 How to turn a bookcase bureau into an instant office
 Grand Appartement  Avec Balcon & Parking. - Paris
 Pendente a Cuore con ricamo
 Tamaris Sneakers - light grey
...
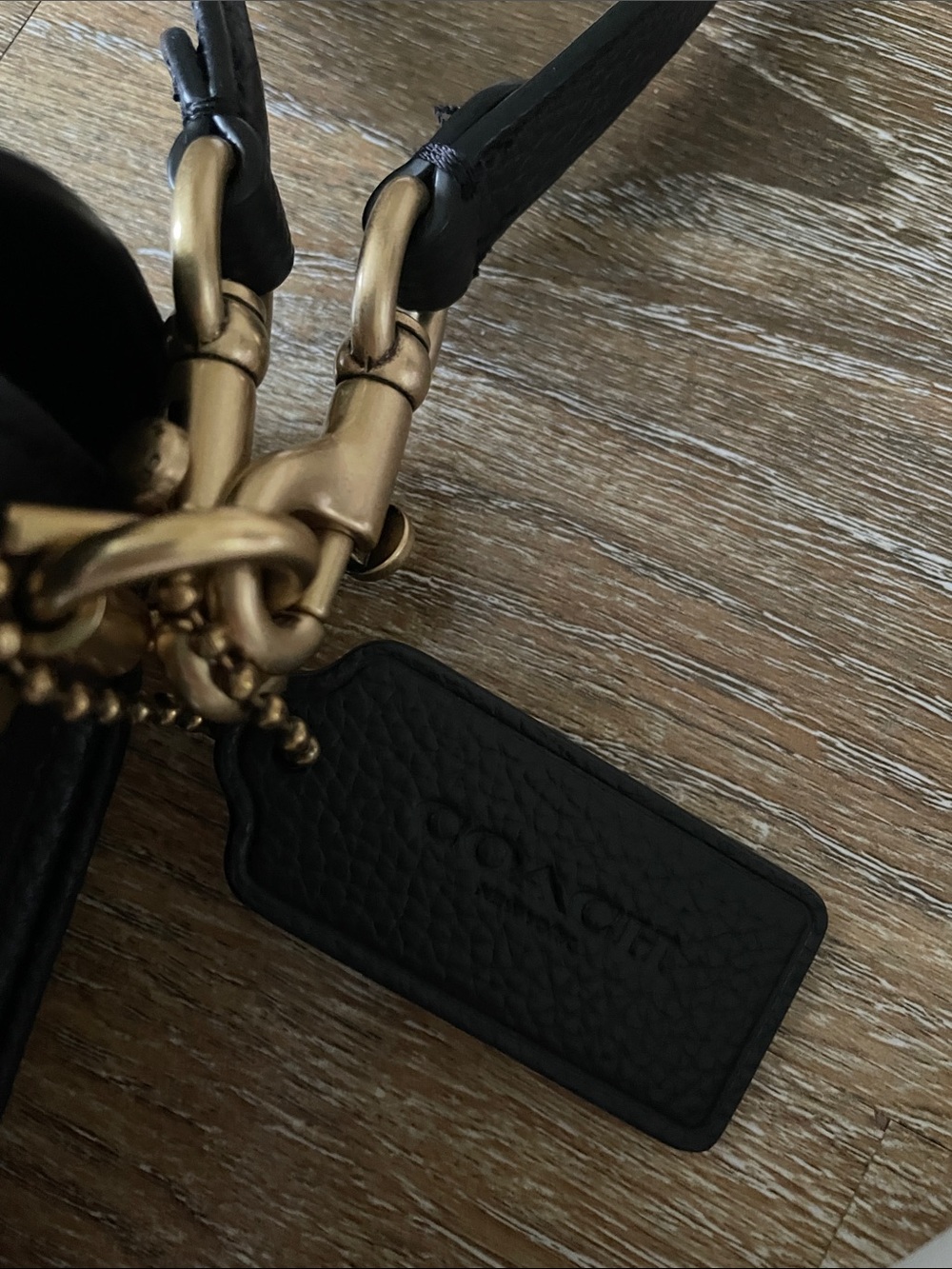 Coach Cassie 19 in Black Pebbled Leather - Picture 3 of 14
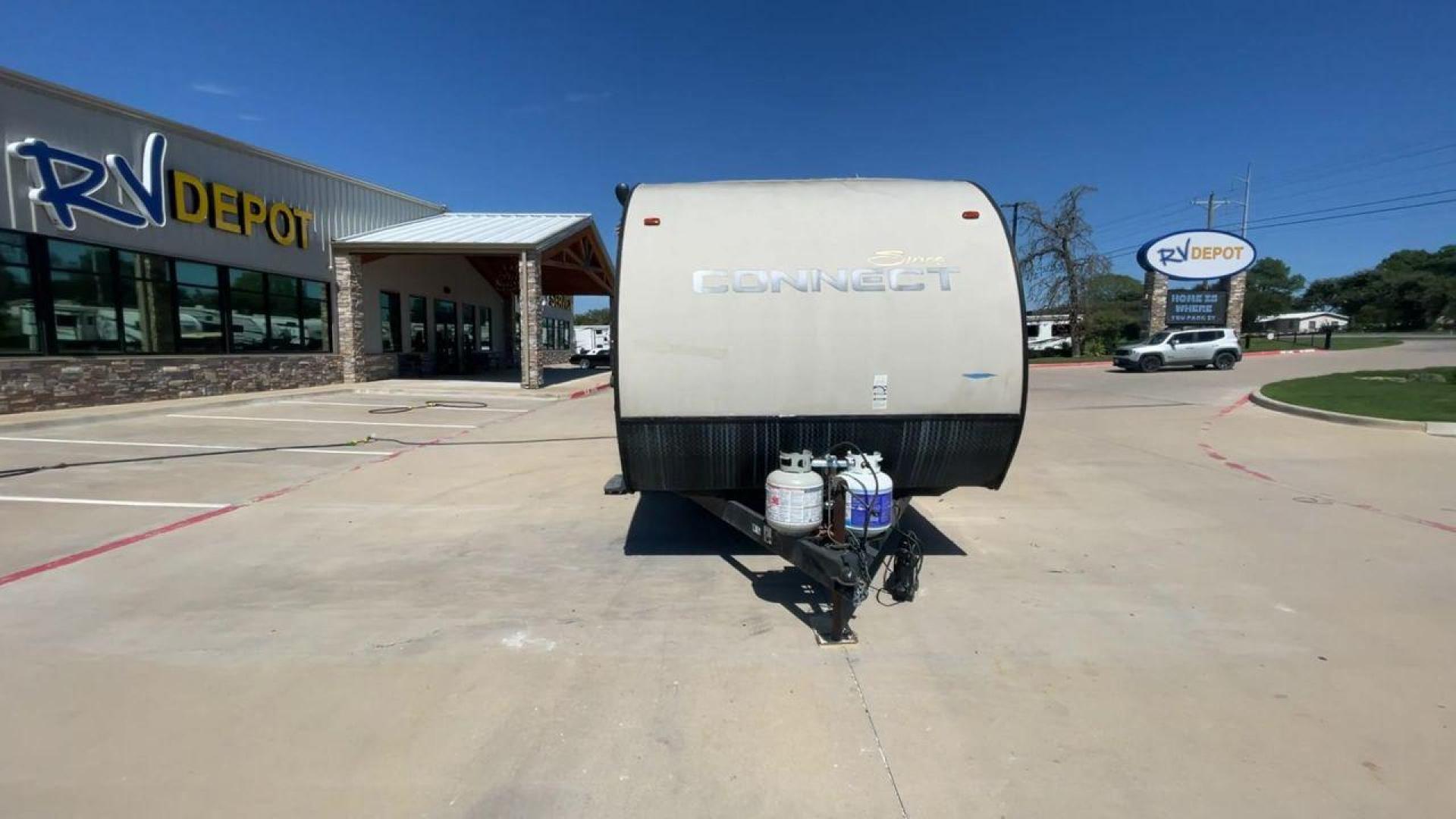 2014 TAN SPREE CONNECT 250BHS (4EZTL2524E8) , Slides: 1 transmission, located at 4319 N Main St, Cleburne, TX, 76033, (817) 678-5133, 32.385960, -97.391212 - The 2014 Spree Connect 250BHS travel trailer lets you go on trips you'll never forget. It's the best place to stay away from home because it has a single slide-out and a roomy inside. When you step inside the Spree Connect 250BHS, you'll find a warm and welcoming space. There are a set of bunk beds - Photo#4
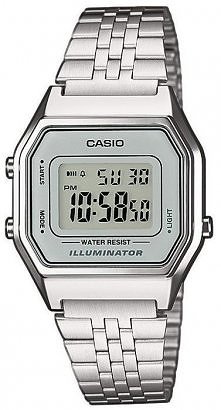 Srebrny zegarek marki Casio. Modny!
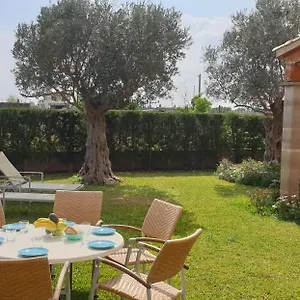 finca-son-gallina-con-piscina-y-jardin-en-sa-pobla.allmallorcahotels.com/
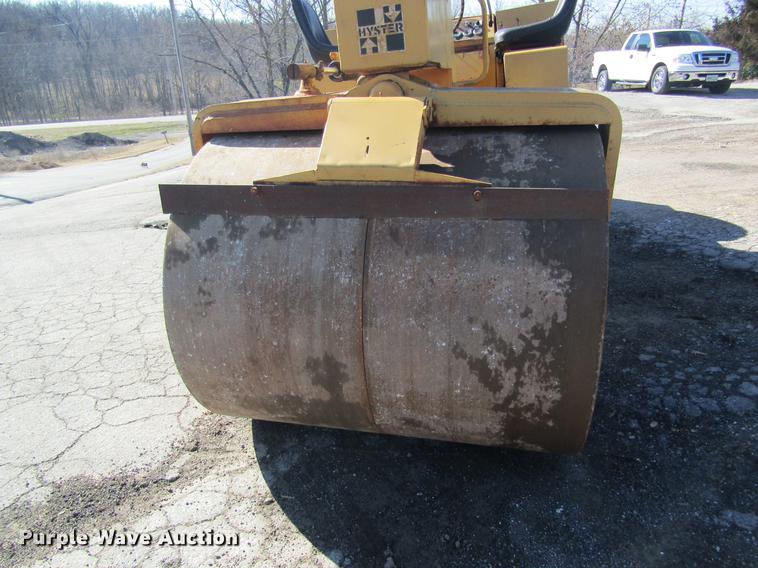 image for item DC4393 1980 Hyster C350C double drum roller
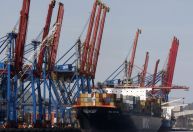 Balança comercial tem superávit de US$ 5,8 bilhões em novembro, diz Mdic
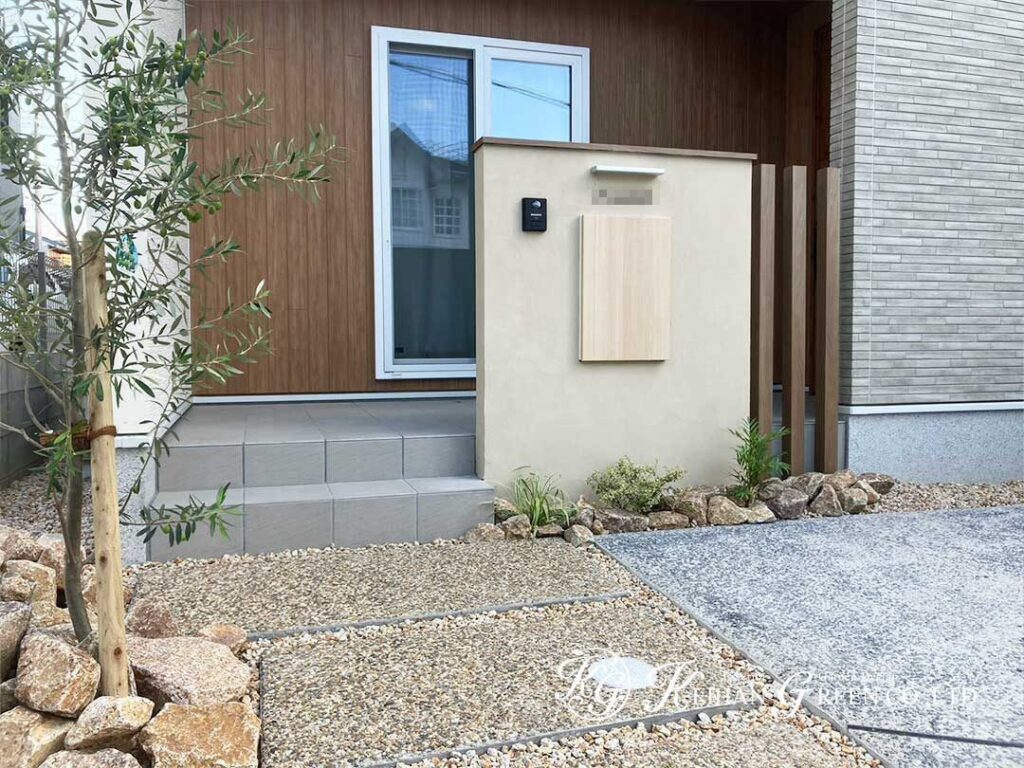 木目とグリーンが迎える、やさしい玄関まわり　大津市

- [ASSIGNMENT]:
Could you write out, exactly as they stand, only the lines above that begin at the line with "How to turn" and stop after the line with "Tamaris Sneakers - light grey"?

- [REPLY]:
 How to turn a bookcase bureau into an instant office
 Grand Appartement  Avec Balcon & Parking. - Paris
 Pendente a Cuore con ricamo
 Tamaris Sneakers - light grey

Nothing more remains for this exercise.